I have two 18weeks old kittens that I need short term foster homes because I have been put back into a care home where sadly I can't have them with me so I have to find them temporary foster placements as I will have my own flat in 3 months please can anyone help me


----------



## chillminx (Nov 22, 2010)

Hello @Indibug12345 and welcome. 

Your best bet may be to contact some of the Rescues that are local to you, as they will have foster carers who may be able to help you at this time of year, now there are fewer nursing mums and kittens needing fostering.

If they are able to help you for 3 months you will need to provide the kittens' food, pay for any vet treatment required and pay a generous donation to the Rescue at the end of their stay.

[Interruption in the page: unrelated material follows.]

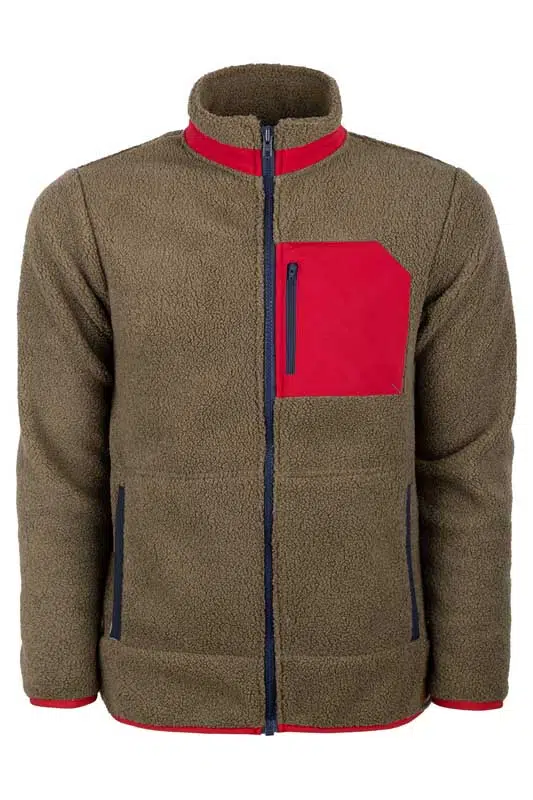 Outdoor Erkek Polar Üst WOLY01 - Kahve - Bordo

If you'd like to say which county of the UK you are in we may be able to advise you which Rescues to contact.


----------



## Clairabella (Nov 8, 2017)

Indibug12345 said:


> I have two 18weeks old kittens that I need short term foster homes because I have been put back into a care home where sadly I can't have them with me so I have to find them temporary foster placements as I will have my own flat in 3 months please can anyone help me


Hope you've had some luck finding temporary homes for them both xx


----------



## sumarah (Apr 24, 2018)

Hi can anyone foster my ragdolls I have 2 that need a new home for 6 months 
In desperate need don't want to put in a chattery for that long
They are 8 month of and beautiful


----------



## Clairabella (Nov 8, 2017)

Where are you from? Xx


----------



## sumarah (Apr 24, 2018)

Clairabella said:


> Where are you from? Xx


Leeds x


----------